İnsan, doğasından uzaklaştığı ve fıtratından koptuğu zaman bu çelişkili hayatın peşinden de kurtulamaz. O halde insan, fıtratının sesine kulak vermek zorundadır. Fıtrat, insanın yaratılış anında taşıdığı değerler bütünüdür. O değerler bütünün yerini, sonradan alacak her bir özellik, insanın doğal yaşam tarzını bozacaktır. Doğal yaşam tarzı bozulan insan, kendisini fıtratın taşıdığı özelliklerin ekranında değil de, başka ekranlarda kanıtlama savaşına girişecektir. Bu farklı ekranların insana kazandıracağı mutluluk tohumları, çimlenmeden yoksun olduğu için, insan daima değişik ortamlar arayacaktır; kendisini kanıtlamak için. Bu arayışlar arasında, bunalım felsefesine göre yazılmış bir senaryoda oyuncu olmak istemeyen varlıklar, hemen fıtratın sesine kulak verir ve aslına döner. Çünkü asıl olan tabii fıtratta, insan doğası vardır. İnsanın doğası, yaratıcıdan kopuk bir yaşamda, mutluluk filizlerinin gövermeyeceğini çok iyi bilir. Bilmekle yetinmeyip, yaratılan bir varlık olması nedeniyle, yaratılan gibi yaşar. Bir haydut gibi, doyumsuz sınırsız, arzu ve istekleri için, yaratılmışlar evreninde kanıtlanma ihtiyacı duymaz…
Doyumsuz isteklerin avucunda oradan oraya atılan bir denek gibi, yuvarlanan zavallılar, her çığlığı kendi aleyhlerine sanarak, bu evrendeki sınırlı yaşamlarını noktalarlar. Oysa onlar açısından hayat, sınırsızmış gibi algılanabilir, ancak akşamları kendisini uykudan alamadığına ve kendisine gelen bir tehlikeden kendisini koruyamadığına göre, sınırlı bir varlık olduğunu anlaması gerekir. Yaratıcıdan kopuk, sekuler bir felsefeyle oluşturulmak istenen her yeryüzü yaratıcısı, bir gün yok olacaktır unutulmaması gerekir.

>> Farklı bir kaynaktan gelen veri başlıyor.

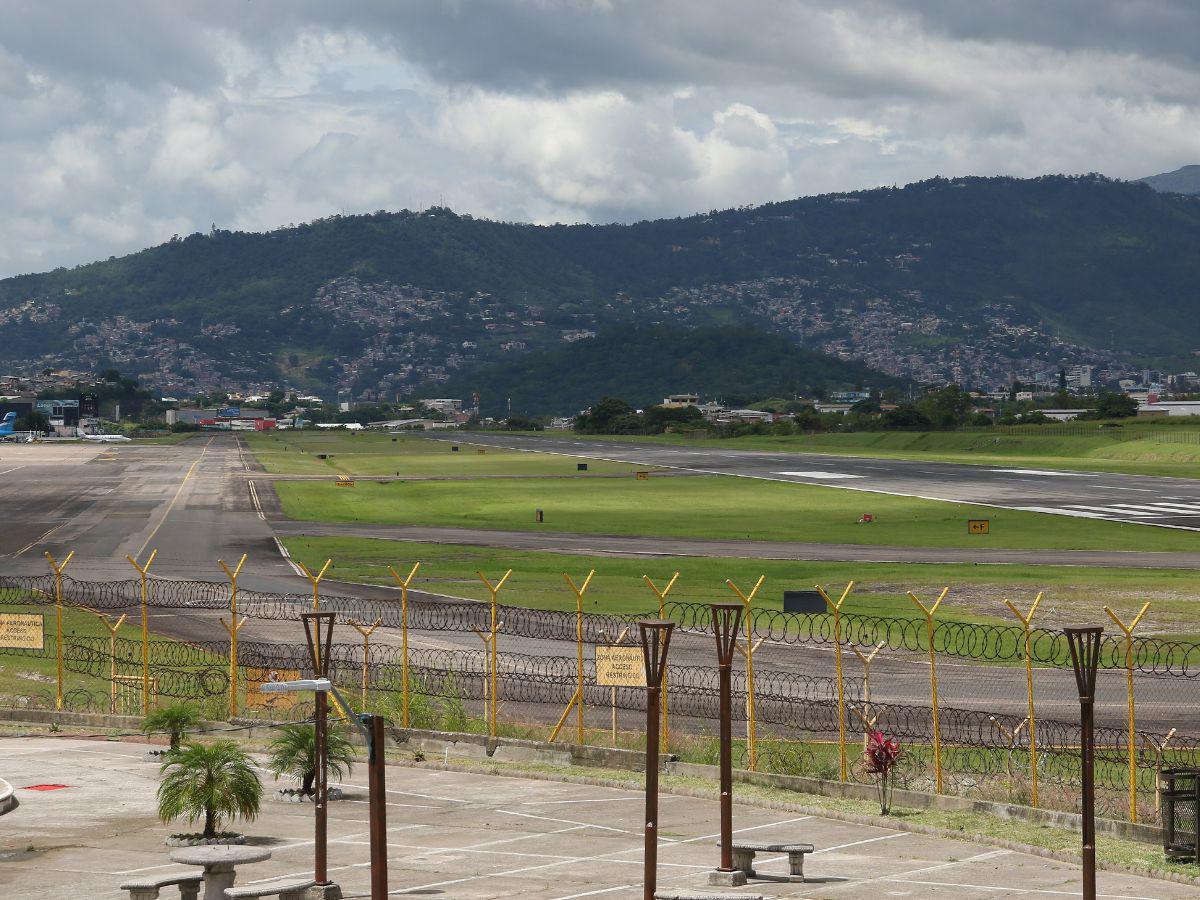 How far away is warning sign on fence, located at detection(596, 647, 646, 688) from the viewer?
2781cm

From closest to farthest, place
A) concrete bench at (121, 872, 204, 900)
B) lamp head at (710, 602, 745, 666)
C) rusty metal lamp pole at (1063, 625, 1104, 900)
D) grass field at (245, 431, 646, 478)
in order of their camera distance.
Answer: rusty metal lamp pole at (1063, 625, 1104, 900) → concrete bench at (121, 872, 204, 900) → lamp head at (710, 602, 745, 666) → grass field at (245, 431, 646, 478)

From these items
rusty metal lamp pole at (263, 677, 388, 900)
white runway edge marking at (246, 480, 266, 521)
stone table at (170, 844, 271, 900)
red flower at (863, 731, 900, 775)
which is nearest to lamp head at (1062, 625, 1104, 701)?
red flower at (863, 731, 900, 775)

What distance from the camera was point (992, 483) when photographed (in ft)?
394

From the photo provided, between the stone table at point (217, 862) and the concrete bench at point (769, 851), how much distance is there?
6.40 m

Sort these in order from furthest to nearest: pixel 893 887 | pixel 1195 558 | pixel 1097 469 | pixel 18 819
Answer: pixel 1097 469 < pixel 1195 558 < pixel 18 819 < pixel 893 887

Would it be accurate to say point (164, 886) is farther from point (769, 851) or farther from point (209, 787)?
point (769, 851)

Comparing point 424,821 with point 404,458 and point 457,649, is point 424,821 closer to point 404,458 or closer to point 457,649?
point 457,649

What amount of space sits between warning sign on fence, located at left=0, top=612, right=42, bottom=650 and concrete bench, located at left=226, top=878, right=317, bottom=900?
51.7ft

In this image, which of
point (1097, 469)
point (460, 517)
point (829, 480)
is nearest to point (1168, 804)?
point (460, 517)

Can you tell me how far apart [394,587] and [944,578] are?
70.4 ft

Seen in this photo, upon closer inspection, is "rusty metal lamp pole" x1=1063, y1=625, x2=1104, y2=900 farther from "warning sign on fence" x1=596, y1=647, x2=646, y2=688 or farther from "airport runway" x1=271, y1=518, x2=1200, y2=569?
"airport runway" x1=271, y1=518, x2=1200, y2=569

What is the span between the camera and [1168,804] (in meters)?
21.1

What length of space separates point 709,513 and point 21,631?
66.8 meters

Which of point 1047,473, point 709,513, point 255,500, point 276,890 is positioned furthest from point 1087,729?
point 1047,473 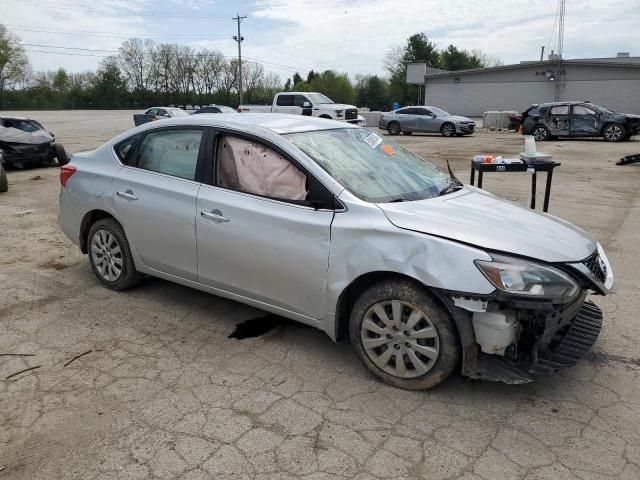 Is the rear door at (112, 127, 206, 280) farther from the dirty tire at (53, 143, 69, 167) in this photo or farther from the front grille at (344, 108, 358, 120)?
the front grille at (344, 108, 358, 120)

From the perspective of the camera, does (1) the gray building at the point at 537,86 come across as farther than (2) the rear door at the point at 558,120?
Yes

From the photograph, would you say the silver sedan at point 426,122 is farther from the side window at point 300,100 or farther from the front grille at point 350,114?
the side window at point 300,100

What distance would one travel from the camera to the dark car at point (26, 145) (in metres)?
14.1

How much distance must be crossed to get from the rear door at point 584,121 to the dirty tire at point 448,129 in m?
5.76

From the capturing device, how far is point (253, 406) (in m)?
3.15

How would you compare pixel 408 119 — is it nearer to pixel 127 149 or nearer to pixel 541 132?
pixel 541 132

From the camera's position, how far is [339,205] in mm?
3443

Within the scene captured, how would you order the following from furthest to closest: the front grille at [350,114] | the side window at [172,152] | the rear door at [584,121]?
the front grille at [350,114], the rear door at [584,121], the side window at [172,152]

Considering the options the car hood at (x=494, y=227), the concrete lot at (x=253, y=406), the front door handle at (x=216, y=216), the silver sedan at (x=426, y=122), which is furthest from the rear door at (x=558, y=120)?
the front door handle at (x=216, y=216)

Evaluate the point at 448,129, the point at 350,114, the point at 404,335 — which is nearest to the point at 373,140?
the point at 404,335

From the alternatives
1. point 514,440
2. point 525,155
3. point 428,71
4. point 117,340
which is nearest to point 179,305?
point 117,340

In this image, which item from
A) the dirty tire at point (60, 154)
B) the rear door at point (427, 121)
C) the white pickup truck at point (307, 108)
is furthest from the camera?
the rear door at point (427, 121)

Doğasından uzaklaşan basit yaratıklar, doyumsuz istekleriyle yer küredeki görünen her şeye, sahip olmak ve onu yığmak isteyebilirler. Zannederler ki, sahiplendiklerini yığdıkça itibarları arttırıyor ve hemcinsleri kendilerine saygı duyuyor. Oysa bu algılama sadece onların sonunu yaklaştırmaktadır. Bilinmelidir ki, bir palmiye ağacının yaprakları döküle döküle, palmiye ağacı varlığını devam ettirmektedir. Hiçbir yaprağını dökmemiş palmiye ne büyür ne de saygı görür. Ama sürekli evrimleşen bir palmiye, kendiliğinden büyür ve herkesin gözünde itibarlı bir konuma oturur. İnsani doğasından kopmadan yaşayan bireyler, bir palmiye gibi kendiliğinden saygı görür. Şişmesine ve şöhret sahibi olmasına gerek yoktur. Ama kendi doğasıyla savaşanlar ise yapraklarını dökmeyen bir palmiye gibi küçüle küçüle bir gün yok olacaklardır.Doyumsuz istekleriyle oluşturdukları meta (kazanımları) ile,arzuları arasındaki bağ sıkılaştıkça,alçalmaları da büyüyecektir.Oysa insanın doğası büyük kalmak isteyenlerin tek adresidir.!...
Yıl:18.05.2004
Yer: Kadıköy/İST
EROL KEKEÇ
YORUMLAR
Yasamak icin elbette calismak gerek.
Ama söhret pesinde kosmak farkli birsey bence.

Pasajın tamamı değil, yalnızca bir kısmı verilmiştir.